Verstappen dominated the 2022 season to seal back-to-back titles, ruthlessly toppling records along the way. The Dutchman isn’t quite so supreme in Esports racing, but it’s one of his dearest hobbies.

Appearances at the virtual 6 Hours of Spa-Francorchamps and 500 Miles of Sebring alongside Max Benecke and Jeffrey Rietveld yielded second and fourth-place finishes for Redline, and the 25-year-old sensation has no plans to reduce his involvement in simulator racing.

He has signed up for the virtual 24 Hours of Le Mans on January 14-15, unwilling to wait for the F1 curtain-raiser in Bahrain on March 5 to get competitive in 2023.

But even when Verstappen is on Red Bull duty, Team Redline boss Atze Kerkhof has revealed that his star driver is on hand to assist the Autosport Esports Team of the Year’s other members.

“There have been plenty of situations where he was at a Formula 1 weekend, had his laptop and controller with him and he started helping drivers from the team for competitions,” Kerkhof revealed on Verstappen’s YouTube channel.

“Then during a Formula One weekend in his motorhome, he makes a set-up for the other guys. He takes very good care of the team. The team also includes his friends.

“He is constantly in communication within the team channel that the drivers and his friends are in. That is his comfort zone.”

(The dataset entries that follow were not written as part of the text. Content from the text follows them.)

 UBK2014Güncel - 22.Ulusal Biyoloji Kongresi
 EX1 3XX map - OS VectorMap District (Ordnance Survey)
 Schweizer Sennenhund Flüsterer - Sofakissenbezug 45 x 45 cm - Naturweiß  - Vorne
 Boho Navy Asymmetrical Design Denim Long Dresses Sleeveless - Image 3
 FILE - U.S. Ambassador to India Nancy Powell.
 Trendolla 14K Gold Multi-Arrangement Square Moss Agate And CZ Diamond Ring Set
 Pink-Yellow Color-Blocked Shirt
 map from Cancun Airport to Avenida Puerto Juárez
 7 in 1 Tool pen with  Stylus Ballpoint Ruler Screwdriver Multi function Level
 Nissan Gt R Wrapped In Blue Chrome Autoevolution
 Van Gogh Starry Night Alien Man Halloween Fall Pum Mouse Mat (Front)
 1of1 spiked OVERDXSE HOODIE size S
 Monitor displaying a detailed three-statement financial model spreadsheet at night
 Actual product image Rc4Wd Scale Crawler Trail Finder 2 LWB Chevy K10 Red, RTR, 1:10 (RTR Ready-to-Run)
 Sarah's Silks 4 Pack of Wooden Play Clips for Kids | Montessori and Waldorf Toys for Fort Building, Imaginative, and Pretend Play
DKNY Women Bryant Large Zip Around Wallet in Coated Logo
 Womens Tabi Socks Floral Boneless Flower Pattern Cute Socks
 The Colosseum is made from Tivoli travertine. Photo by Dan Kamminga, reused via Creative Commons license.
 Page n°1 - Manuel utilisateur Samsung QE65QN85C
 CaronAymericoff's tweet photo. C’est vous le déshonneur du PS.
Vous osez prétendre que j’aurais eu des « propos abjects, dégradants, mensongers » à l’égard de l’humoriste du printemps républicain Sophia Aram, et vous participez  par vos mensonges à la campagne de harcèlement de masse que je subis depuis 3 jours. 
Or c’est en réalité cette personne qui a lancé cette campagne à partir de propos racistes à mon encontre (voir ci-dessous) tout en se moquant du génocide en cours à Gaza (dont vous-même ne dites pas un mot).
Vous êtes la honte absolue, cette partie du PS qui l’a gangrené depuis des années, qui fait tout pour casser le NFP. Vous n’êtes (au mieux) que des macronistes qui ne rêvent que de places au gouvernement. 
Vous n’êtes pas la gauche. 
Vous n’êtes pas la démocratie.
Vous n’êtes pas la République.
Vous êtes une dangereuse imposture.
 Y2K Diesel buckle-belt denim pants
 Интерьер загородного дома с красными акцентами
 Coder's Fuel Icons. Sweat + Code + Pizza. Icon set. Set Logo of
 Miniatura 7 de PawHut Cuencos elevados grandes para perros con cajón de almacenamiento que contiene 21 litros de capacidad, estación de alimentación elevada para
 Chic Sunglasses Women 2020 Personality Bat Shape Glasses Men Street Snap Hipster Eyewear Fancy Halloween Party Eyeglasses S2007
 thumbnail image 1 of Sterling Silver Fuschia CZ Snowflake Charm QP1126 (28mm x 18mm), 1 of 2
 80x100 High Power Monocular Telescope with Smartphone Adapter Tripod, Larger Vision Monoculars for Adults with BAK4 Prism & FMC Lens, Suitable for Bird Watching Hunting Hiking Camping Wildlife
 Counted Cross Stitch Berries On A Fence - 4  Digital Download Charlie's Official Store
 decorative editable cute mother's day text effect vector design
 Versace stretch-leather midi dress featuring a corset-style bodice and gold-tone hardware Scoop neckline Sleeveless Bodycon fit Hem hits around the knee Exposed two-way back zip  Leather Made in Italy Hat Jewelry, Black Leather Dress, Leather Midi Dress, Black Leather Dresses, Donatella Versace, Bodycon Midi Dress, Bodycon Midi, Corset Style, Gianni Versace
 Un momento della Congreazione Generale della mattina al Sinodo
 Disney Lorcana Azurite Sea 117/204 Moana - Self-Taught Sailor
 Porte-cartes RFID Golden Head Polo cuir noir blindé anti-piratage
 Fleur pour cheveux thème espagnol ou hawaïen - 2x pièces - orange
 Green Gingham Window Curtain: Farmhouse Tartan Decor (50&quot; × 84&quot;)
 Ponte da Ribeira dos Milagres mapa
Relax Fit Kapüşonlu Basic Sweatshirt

Verstappen, the son of former F1 driver Jos, is a pure-bred racer and clearly can’t get enough of the on-track action. He has regularly joined McLaren star Lando Norris’ Twitch streams for gaming sessions.

Kerkhof believes the key to the World Champion’s enjoyment of simulator racing is a low-pressure, relaxed environment away from the madness of F1.

“Whereas in Formula 1 everyone pulls at him for answers and pictures, Team Redline is his friend group,” Kerkhof continues.

“It’s only about performance, that’s what he loves. He has grown from a driver to someone who leads the team. He likes to help other drivers.

“Then we are talking about sim drivers who are maybe eighteen years old and have never met Max. But Max is there in between his sessions creating a set-up for them so they can perform better. That’s very typical of him.”

Virtual endurance racing is Verstappen’s first foray into what could become a career in Le Mans-style events, with the Dutchman considering a move away from F1 when his Red Bull contract expires in 2028.

An all-star pairing for the 24 Hours of Le Mans is potentially on the cards, with double world champion and Aston Martin powerhouse Fernando Alonso publicly offering to combine with Verstappen.

“I know Max wants to do some endurance one day and I know he’d like to do the 24 Hours of Le Mans,” said the Aston Martin driver during an interview with De Telegraaf.

“I’m certainly open to doing that together. I think we should give the idea a chance if we can drive for a competitive team.”